Ero Tirannosaurus rex, signore dei rettili carnivori, il più feroce animale che abbia mai percorso la terra. Esultai per la forza e la potenza che sentivo crescere dentro di me.

Con uno strillo acuto e straziante mi precipitai in avanti nell’orgia di violenza che mi circondava. Ma non avanzai verso i deboli, indifesi becchi-d’anatra o i più pericolosi triceratopi. Volevo attaccare i tirannosauri ancora sotto il controllo diretto degli umanoidi di Set.

I miei simili uccidevano ma non si fermavano a mangiare. Dopo aver squarciato la gola di un becco-d’anatra lo lasciavano cadere nella polvere, sprecando tutto quel buon sangue fresco, abbandonando tutta quella carne senza affondarvi i denti nemmeno una volta. Uccidevano e si affrettavano a cercare un’altra vittima.

Mi spinsi oltre un monticello di erbivori morti e feriti per raggiungere un tirannosauro, il quale non prestò attenzione alla mia presenza, pronto ad azzannare un becco-d’anatra che strillava disperatamente nel tentativo di allontanarsi da quel massacro.

Proprio mentre il tirannosauro stava per dilaniare il tenero collo del becco-d’anatra, affondai i denti nella sua colonna vertebrale e gustai il sapore del sangue e della carne viva nella mia bocca. Il mostro emise uno strillo quindi lasciò cadere il capo sul petto, fra le zampette vestigiali; le sue terribili fauci restarono chiuse per sempre.

Guardai cadere la bestia morta, quindi caricai contro un altro tirannosauro. Anch’esso non mi prestò alcuna attenzione, e con un sol morso ne spezzai il collo. Ma altri due tirannosauri avevano interrotto la loro caccia per mettere a fuoco lo sguardo su di me.

Senza esitazione presi a caricarli. Cademmo tutti e tre al suolo con tanta violenza da far tremare la terra.

A grande distanza udii una debole voce gridare: — Orion, attento!

Ma ero intento a combattere la battaglia della mia vita contro due tirannosauri. E stavo vincendo! Già uno di essi barcollava, metà del suo fianco squarciato e zampillante copiosi fiotti di sangue rosso rubino. Ero ferito anch’io ma non provavo alcun dolore, soltanto la gioia esaltante della battaglia. Indietreggiai lentamente e vidi l’altro nemico avanzare verso di me, le fauci spalancate, dimenando le piccole zampe anteriori.

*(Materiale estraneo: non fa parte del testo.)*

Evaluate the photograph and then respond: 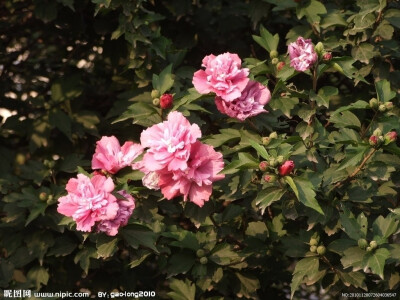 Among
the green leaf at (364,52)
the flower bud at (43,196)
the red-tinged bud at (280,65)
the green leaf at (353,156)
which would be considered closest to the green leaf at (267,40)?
the red-tinged bud at (280,65)

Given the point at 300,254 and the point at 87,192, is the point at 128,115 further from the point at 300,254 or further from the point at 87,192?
the point at 300,254

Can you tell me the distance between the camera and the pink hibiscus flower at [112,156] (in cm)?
303

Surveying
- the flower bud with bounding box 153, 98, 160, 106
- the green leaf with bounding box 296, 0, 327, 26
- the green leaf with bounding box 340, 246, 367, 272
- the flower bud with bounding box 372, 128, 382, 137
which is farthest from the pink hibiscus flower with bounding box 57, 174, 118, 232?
the green leaf with bounding box 296, 0, 327, 26

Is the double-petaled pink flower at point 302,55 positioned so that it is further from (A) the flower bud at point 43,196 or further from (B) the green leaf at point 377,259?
(A) the flower bud at point 43,196

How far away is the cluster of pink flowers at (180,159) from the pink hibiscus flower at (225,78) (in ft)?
0.62

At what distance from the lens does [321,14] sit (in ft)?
12.1

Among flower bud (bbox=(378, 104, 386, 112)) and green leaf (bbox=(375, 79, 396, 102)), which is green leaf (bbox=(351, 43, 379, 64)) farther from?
flower bud (bbox=(378, 104, 386, 112))

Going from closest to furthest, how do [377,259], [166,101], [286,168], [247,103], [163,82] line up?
[286,168]
[377,259]
[247,103]
[166,101]
[163,82]

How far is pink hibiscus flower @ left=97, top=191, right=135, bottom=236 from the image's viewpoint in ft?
9.29

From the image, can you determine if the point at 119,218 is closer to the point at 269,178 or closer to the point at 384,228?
the point at 269,178

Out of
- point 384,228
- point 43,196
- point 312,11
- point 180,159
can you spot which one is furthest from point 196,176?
point 312,11

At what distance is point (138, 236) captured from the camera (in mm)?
2975

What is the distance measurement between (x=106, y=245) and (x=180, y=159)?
1.64ft

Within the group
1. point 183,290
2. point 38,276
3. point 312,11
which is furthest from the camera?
point 38,276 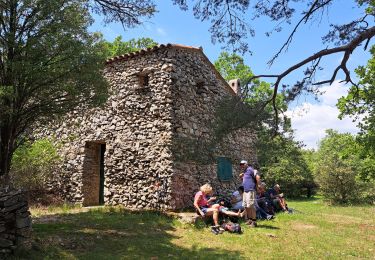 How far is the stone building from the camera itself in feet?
32.3

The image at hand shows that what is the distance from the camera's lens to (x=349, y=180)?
1612cm

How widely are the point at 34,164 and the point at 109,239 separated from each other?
643cm

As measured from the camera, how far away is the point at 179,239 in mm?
6992

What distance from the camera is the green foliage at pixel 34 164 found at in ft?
37.5

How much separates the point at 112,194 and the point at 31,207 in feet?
9.22

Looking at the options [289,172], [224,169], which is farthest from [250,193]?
[289,172]

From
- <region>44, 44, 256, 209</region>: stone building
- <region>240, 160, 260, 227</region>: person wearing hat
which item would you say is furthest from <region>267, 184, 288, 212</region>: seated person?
<region>240, 160, 260, 227</region>: person wearing hat

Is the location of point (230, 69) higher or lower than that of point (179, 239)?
higher

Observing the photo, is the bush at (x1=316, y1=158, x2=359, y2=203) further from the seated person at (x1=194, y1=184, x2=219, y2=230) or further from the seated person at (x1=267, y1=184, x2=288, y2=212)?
the seated person at (x1=194, y1=184, x2=219, y2=230)

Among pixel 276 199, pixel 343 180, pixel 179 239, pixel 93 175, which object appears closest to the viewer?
pixel 179 239

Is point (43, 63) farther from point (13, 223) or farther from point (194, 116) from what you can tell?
point (194, 116)

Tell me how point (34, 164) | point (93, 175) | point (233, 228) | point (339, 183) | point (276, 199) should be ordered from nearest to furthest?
point (233, 228) < point (276, 199) < point (34, 164) < point (93, 175) < point (339, 183)

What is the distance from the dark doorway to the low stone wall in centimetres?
614

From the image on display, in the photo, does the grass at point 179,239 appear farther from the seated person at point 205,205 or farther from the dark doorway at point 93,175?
the dark doorway at point 93,175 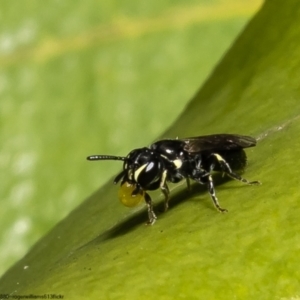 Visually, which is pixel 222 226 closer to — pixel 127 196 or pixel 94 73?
pixel 127 196

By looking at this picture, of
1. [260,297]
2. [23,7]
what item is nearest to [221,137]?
[260,297]

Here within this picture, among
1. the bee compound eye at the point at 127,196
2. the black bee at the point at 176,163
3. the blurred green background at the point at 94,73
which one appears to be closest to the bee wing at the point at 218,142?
the black bee at the point at 176,163

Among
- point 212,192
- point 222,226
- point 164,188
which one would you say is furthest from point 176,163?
point 222,226

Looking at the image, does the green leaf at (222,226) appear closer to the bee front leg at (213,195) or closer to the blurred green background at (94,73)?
the bee front leg at (213,195)

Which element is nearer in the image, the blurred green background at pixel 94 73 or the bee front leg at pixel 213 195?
the bee front leg at pixel 213 195

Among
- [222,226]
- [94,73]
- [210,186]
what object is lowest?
[222,226]

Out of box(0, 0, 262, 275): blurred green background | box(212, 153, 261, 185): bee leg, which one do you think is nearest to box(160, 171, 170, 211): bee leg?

Dietro di lui si erano raggruppati altri tirannosauri, tutti rivolti contro di me. Indietreggiai fino a quando non sentii la mia coda sfregare contro la parete di roccia.

— Orion! — udii nuovamente; questa volta era un grido più incalzante, più pressante.

Poi tutto si fece nero.

In qualche modo compresi di essere caduto in stato d’incoscienza. Ero sprofondato nelle tenebre, tagliato fuori da qualsiasi percezione sensoria, ma non ero nel freddo mondo disincarnato del vuoto spaziotemporale. Non avevo ancora lasciato il continuum. Qualcuno era giunto alle mie spalle mentre dirigevo il tirannosauro e mi aveva stordito con un colpo, facendomi perdere i sensi. Nonostante gli avvertimenti di Anya.

Ero stato uno sciocco. E adesso ne pagavo il prezzo.

Appena ebbi realizzato l’accaduto, feci in modo che il mio corpo si rimettesse più rapidamente possibile. Chiusi i canali ricettivi del dolore e inviai una buona dose di sangue verso la ferita sul mio cranio. Rimisi in funzione i canali sensori. Ma tenni gli occhi sempre ben serrati, e non mi mossi. Volevo farmi un quadro della situazione senza che nessuno si accorgesse del mio rinvenimento.